The Short Sale Process
Apr 16, 2012 Real Estate Profit Tricks
Buying a home through the short sale process is not an exact science. Each lender may have specific rules they play by. Still, there are some common steps that go along with the process.
When you’re dealing in a short sale buy, there are two main types of situations you can run into. The first will require a little more work. It involves finding your own potential purchase by looking at impending foreclosures. In this case, you’ll have to initiate the short sale process. The second buying option involves dealing with a homeowner and a lending institution that have already geared up for the short sale process. In terms of difficulty, the former will require more elbow grease.
Starting With The Lender
If a home has not already been listed for a short sale with preapproval by the lender, the process to buy will take more work on your part. While there’s no guarantee the homeowner or the lender will consider a short sale, the possibility is there so it can be worth pursuing if you’re interested in a particular purchase.
The steps you can expect to have to take to initiate the short sale process and get a property for less than is owed on the loan include:
- Contacting the lender directly
This can be a bit frustrating, but it if results in a great purchase, the work will pay off. To cut to the chase with a lender, seek out the bank that holds the deed directly when foreclosure is looming or already in process. The lending institution’s name can often be found in public court records within a county. Just look up the parcel by address, or use the owner’s name if you know it. Once you have the information, you will want to deal with representatives of the bank or lender’s loss mitigation department directly.
- Obtaining an authorization to release information
This document must be signed by the homeowner to enable the lender to speak with you about the mortgage. To properly negotiate, you will need to know the details of the loan and how much the bank is still owed. Short sales cannot be considered if the property owner does not agree. While many are interested, some will hang on through foreclosure in hopes of coming up with a way to save their home.
- Obtaining a sign off by the property owner
The lending bank cannot sell a home out from underneath the property owner in a short sale. In order to gain the benefits of this type of purchase, the homeowner must agree to the process. During this phase, the existing homeowner will have to fill out forms, justify hardship and basically prove that they cannot pay the mortgage even if foreclosure is threatened.
- Getting an appraisal
Even if a lender and homeowner agree to pursue a short sale, some other work is necessary before a bottom line price will be set for the property. The lender will likely want to obtain what is called a “broker’s price opinion” to gain a real understanding of a property’s value. The lower the price happens to be, the more likely it is a lender will approve a short sale. You’ll also very likely want to order your own appraisal, but only do so after you know the bank and homeowner are serious.

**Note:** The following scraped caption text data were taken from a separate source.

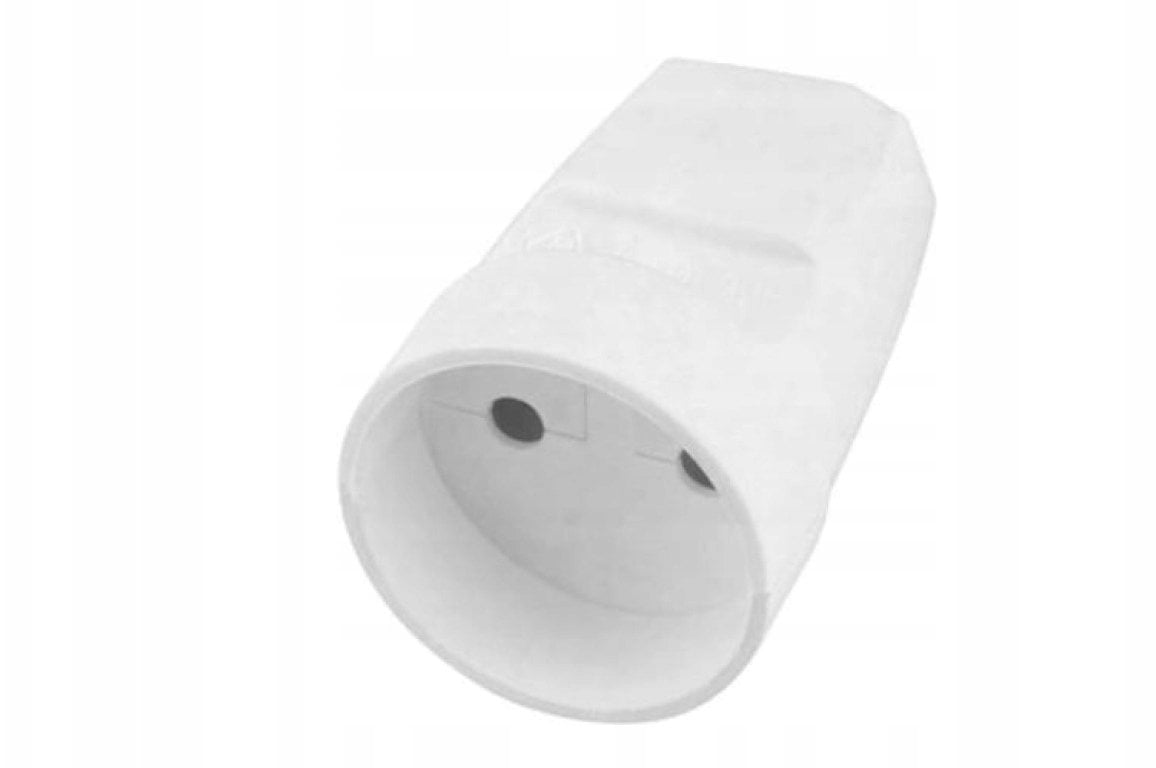 Gniazdo przenośne bez uziemienia 2P 250V IP20 białe 34007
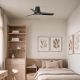 Lustre cu ventilator - Ventilator tavan smart sistem TUYA si telecomanda HEY TUB S negru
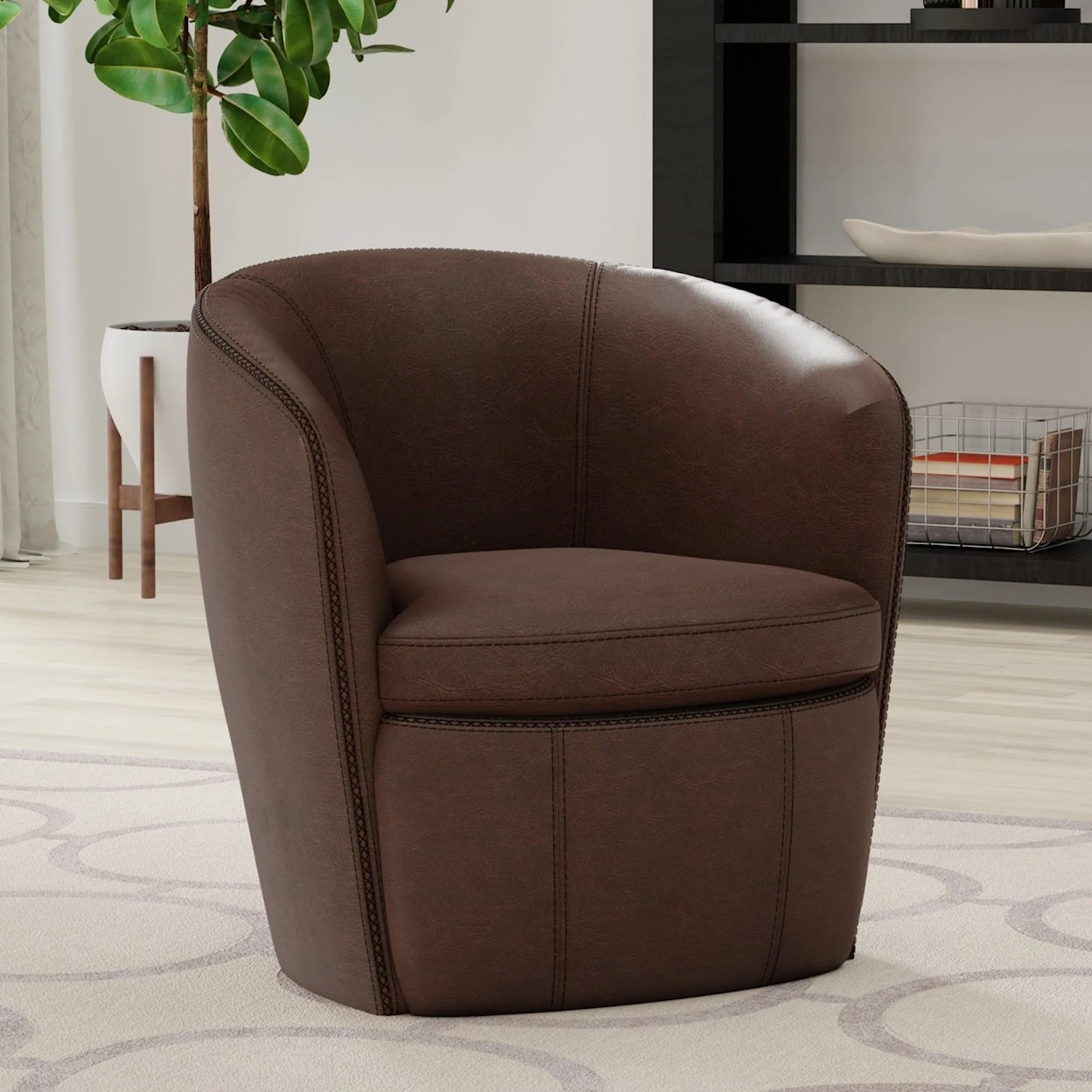 Paramount Living Barolo Swivel Club Chair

- Making sure your financing is in order
Unless you are funding the purchase in cash only, you will also have to satisfy the terms set forth by your lender to close a deal.
- Obtaining the settlement statement
Before a final sale goes through, the lending institution will want to look at such things as commissions going to real estate agents, your financing arrangement, other expenses associated with the sale and the estimated date of closing.
Once a lender agrees to a short sale and its price, the process will move like most other real estate transactions.
Working With A Preapproved Short Sale
In today’s market, it is not uncommon to come across short sales advertised as such. In these cases, the lender and homeowner have already come to an agreement and have decided to pursue this option to prevent foreclosure. The process involved in this type of short sale will be abbreviated greatly and will move forward almost like a regular sale with a few caveats to satisfy the lender.
You will still have to:
- Approach the seller;
- Get your own appraisal and home inspection, if desired;
- Put your financing together;
- Negotiate on the price if there is wiggle room included in what a bank is offering. Both the lender and the homeowner will have to agree to the price. The bank is your biggest concern, but the homeowner will want to satisfy as much of the loan as possible. Owners are often liable for the taxes owed on the difference between the outstanding loan amount and your offer. They want the gap closed as much as possible, obviously.
Preapproved short sales speed up the process and are much easier to deal with. There can be some time delays involved as lending institutions go over an offer and determine if it is in their best interest to take it. Remember, lending companies often have shareholders to answer to, so they will go over their options with a fine-tooth comb.
While it is generally more advantageous to find a pre-approved short sale deal, striking out on your own to find properties can also net some great purchase. The truth is both scenarios, can be very beneficial when it comes to the bottom line. The reality is short sales can provide a much bigger pricing discount that even foreclosure auctions because of the timing involved in the purchase.